Bologna, 27 agosto 2019 - Maic Ickgnnrota resterà in carcere, "l’unica misura – scrive il giudice Renato Poschi – che allo stato appare adeguata a fronteggiare la sua pericolosità sociale". Cinquantadue anni compiuti a marzo, olandese di nascita, senza documenti nè dimora, con alle spalle una vita "sbandata e randagia". Sono le 13.45 quando viene accompagnato fuori dal tribunale al termine dell’udienza di convalida del fermo. Un omone di oltre un metro e novanta di muscoli, occhi stralunati, "parla solamente l’inglese", spiega l’avvocato Giampiero Cristofori, che insieme al collega Lamberto Carraro difende il clochard arrestato dai carabinieri.
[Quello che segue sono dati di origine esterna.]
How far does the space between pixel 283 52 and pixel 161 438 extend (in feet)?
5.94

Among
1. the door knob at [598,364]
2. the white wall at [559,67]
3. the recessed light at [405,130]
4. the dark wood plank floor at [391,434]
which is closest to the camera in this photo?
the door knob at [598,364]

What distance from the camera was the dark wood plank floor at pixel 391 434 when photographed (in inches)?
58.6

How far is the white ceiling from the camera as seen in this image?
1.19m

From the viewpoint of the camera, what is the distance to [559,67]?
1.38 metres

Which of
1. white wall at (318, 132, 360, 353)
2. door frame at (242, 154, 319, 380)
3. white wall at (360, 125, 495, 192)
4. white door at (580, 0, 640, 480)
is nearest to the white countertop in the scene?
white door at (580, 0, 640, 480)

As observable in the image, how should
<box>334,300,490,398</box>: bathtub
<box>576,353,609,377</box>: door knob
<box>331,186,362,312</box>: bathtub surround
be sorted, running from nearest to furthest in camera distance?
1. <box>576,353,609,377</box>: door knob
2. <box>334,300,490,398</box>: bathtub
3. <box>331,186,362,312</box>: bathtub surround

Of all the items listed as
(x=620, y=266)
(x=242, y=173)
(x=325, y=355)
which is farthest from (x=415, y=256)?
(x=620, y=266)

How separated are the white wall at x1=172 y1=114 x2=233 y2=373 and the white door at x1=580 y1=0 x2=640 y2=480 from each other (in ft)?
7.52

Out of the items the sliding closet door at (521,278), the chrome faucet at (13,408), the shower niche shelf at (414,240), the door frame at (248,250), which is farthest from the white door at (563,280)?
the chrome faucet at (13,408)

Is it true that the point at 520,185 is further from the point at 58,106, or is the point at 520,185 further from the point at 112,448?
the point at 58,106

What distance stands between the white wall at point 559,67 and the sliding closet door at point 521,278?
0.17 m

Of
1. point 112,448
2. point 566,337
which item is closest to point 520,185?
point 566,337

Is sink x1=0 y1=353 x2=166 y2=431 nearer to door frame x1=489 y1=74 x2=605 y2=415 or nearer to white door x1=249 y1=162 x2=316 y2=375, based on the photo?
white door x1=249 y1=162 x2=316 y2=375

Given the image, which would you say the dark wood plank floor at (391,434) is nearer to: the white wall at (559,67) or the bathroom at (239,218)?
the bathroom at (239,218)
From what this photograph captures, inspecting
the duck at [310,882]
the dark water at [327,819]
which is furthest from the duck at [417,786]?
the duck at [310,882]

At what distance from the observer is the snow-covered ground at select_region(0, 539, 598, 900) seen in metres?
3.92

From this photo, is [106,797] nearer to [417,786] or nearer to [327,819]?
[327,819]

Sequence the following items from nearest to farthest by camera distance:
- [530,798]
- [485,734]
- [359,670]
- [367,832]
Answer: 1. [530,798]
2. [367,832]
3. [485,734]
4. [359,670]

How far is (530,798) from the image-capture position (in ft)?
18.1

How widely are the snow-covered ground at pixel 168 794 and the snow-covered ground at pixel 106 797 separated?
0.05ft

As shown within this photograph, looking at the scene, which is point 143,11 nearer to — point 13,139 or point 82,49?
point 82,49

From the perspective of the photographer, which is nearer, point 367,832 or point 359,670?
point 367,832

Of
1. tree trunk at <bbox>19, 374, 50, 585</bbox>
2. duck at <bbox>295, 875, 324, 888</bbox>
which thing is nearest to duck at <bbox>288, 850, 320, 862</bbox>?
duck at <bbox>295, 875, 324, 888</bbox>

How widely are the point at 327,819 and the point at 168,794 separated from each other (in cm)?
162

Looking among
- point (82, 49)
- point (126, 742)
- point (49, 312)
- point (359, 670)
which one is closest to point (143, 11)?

Deve rispondere di lesioni aggravate (dai futili motivi) per l’aggressione, avvenuta sabato alle 8.10 del mattino in Santo Stefano, di un docente universitario di Bologna, con cattedra a Modena. Un’aggressione di "inaudita violenza" ai danni di "un ignaro passante scelto per strada a caso", con pugni al volto e al corpo, "sbattendogli ripetutamente il capo sul pavimento" e costringendolo a 25 giorni di prognosi per fratture a quattro costole e al naso.

Le voci

«C’era qualcuno che gli diceva delle cose strane e ha reagito, ma senza spiegare a chi si riferisse", ha aggiunto l’avvocato Cristofori, annunciando la richiesta di una perizia psichiatrica in attesa del processo del 3 settembre. Un primo accertamento, intanto, lo ha già deciso il tribunale disponendo che Ickgnnrota venga sottoposto in carcere a "un’osservazione specialistica e psicologica", per verificare la sua capacità di intendere e di volere.

Pericoloso

Per il giudice, l’olandese "non è in grado di trattenere i propri impulsi aggressivi e violenti" anche se va chiarito se tutto questo avvenga per l’abuso di sostanze – cosa che Ickgnnrota ha rigettato – o per altre problematiche. Un curriculum importante, il suo. Negli ultimi quindici giorni è stato denunciato sempre per lesioni prima a Cervignano del Friuli (il 9) poi a Pordenone (15). Per lesioni e resistenza, nel 2016 è stato invece condannato dal tribunale di Trieste. Ieri, seppur con scarsa lucidità e con frasi sconnesse, ha ammesso l’aggressione di sabato senza però fornire una spiegazione razionale sul perché.

Comune

Intanto sulla vicenda è intervenuto il sindaco Virginio Merola che, con un post su Facebook, ha scritto di aver telefonato al docente picchiato e all’autista di Tper intervenuto in suo aiuto. "Due persone che non si conoscevano – così Merola – ma che si sono legate in un momento di bisogno". Entrambi saranno invitati in Comune appena possibile. "Ho chiamato il professore per comunicargli la mia vicinanza e fargli gli auguri di pronta guarigione. E ho telefonato a Andrea Nicoletti che ha dimostrato cosa fa la differenza in una città: il senso civico – ha chiuso – e la capacità di non essere indifferenti anche in un momento difficile. Ringrazio Andrea e tutti gli autisti che intervengono a favore degli altri in episodi piccoli e grandi".